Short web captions
──────────

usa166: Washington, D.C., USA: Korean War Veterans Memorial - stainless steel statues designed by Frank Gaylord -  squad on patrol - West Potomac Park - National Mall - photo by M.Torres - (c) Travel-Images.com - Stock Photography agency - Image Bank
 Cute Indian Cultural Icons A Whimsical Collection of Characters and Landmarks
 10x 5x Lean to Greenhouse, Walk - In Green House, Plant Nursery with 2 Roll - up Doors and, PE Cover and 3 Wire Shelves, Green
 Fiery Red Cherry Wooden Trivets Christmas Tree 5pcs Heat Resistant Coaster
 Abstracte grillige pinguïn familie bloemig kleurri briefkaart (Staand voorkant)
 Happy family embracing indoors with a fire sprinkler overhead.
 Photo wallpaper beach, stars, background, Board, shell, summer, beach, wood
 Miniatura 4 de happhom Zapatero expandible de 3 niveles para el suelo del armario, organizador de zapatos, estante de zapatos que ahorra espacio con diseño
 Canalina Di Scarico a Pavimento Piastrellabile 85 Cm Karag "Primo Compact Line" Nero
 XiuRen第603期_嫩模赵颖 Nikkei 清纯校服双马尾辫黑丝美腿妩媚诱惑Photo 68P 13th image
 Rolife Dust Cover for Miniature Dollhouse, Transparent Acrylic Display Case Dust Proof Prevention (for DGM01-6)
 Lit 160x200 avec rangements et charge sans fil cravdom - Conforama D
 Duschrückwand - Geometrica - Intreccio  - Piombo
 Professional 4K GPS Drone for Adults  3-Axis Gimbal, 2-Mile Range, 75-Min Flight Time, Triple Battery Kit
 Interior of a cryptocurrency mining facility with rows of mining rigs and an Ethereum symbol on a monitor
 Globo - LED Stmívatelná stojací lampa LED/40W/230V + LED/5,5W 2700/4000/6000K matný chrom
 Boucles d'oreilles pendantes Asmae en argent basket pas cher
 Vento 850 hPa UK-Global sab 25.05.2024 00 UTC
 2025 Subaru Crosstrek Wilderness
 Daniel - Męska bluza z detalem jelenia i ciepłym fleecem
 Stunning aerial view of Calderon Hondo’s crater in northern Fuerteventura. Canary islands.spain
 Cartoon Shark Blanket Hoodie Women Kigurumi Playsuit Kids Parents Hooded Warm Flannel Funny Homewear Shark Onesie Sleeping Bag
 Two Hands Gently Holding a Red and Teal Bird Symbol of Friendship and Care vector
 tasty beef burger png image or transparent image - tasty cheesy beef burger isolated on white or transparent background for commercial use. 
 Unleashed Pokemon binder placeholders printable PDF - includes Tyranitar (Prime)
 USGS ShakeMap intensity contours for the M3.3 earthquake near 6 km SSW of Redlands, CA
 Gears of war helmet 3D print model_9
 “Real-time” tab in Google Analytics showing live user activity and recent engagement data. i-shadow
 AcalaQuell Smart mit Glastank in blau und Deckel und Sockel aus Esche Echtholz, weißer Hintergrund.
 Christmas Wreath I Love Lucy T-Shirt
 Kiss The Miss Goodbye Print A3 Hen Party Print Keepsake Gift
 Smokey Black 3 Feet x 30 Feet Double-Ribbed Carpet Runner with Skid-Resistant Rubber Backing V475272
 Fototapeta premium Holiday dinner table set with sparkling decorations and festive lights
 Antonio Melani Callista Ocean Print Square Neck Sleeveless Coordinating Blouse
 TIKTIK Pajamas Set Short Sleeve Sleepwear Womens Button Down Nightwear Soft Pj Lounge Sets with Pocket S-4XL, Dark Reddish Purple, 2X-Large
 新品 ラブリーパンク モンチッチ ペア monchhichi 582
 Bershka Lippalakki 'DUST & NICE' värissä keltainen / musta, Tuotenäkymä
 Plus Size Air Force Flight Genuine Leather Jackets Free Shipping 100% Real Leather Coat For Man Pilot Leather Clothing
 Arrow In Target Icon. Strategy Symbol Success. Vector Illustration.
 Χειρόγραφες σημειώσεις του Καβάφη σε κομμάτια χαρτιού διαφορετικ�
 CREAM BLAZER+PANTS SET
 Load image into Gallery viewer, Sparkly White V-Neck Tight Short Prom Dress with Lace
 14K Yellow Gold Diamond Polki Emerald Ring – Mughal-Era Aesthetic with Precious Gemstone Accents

──────────

= Exercise instructions =
Look through the data above and return exactly the lines from the one that contains "Abstracte grillige pinguïn" to the one that contains "Smokey Black 3", inclusive, with nothing else.

= Finished exercise =
 Abstracte grillige pinguïn familie bloemig kleurri briefkaart (Staand voorkant)
 Happy family embracing indoors with a fire sprinkler overhead.
 Photo wallpaper beach, stars, background, Board, shell, summer, beach, wood
 Miniatura 4 de happhom Zapatero expandible de 3 niveles para el suelo del armario, organizador de zapatos, estante de zapatos que ahorra espacio con diseño
 Canalina Di Scarico a Pavimento Piastrellabile 85 Cm Karag "Primo Compact Line" Nero
 XiuRen第603期_嫩模赵颖 Nikkei 清纯校服双马尾辫黑丝美腿妩媚诱惑Photo 68P 13th image
 Rolife Dust Cover for Miniature Dollhouse, Transparent Acrylic Display Case Dust Proof Prevention (for DGM01-6)
 Lit 160x200 avec rangements et charge sans fil cravdom - Conforama D
 Duschrückwand - Geometrica - Intreccio  - Piombo
 Professional 4K GPS Drone for Adults  3-Axis Gimbal, 2-Mile Range, 75-Min Flight Time, Triple Battery Kit
 Interior of a cryptocurrency mining facility with rows of mining rigs and an Ethereum symbol on a monitor
 Globo - LED Stmívatelná stojací lampa LED/40W/230V + LED/5,5W 2700/4000/6000K matný chrom
 Boucles d'oreilles pendantes Asmae en argent basket pas cher
 Vento 850 hPa UK-Global sab 25.05.2024 00 UTC
 2025 Subaru Crosstrek Wilderness
 Daniel - Męska bluza z detalem jelenia i ciepłym fleecem
 Stunning aerial view of Calderon Hondo’s crater in northern Fuerteventura. Canary islands.spain
 Cartoon Shark Blanket Hoodie Women Kigurumi Playsuit Kids Parents Hooded Warm Flannel Funny Homewear Shark Onesie Sleeping Bag
 Two Hands Gently Holding a Red and Teal Bird Symbol of Friendship and Care vector
 tasty beef burger png image or transparent image - tasty cheesy beef burger isolated on white or transparent background for commercial use. 
 Unleashed Pokemon binder placeholders printable PDF - includes Tyranitar (Prime)
 USGS ShakeMap intensity contours for the M3.3 earthquake near 6 km SSW of Redlands, CA
 Gears of war helmet 3D print model_9
 “Real-time” tab in Google Analytics showing live user activity and recent engagement data. i-shadow
 AcalaQuell Smart mit Glastank in blau und Deckel und Sockel aus Esche Echtholz, weißer Hintergrund.
 Christmas Wreath I Love Lucy T-Shirt
 Kiss The Miss Goodbye Print A3 Hen Party Print Keepsake Gift
 Smokey Black 3 Feet x 30 Feet Double-Ribbed Carpet Runner with Skid-Resistant Rubber Backing V475272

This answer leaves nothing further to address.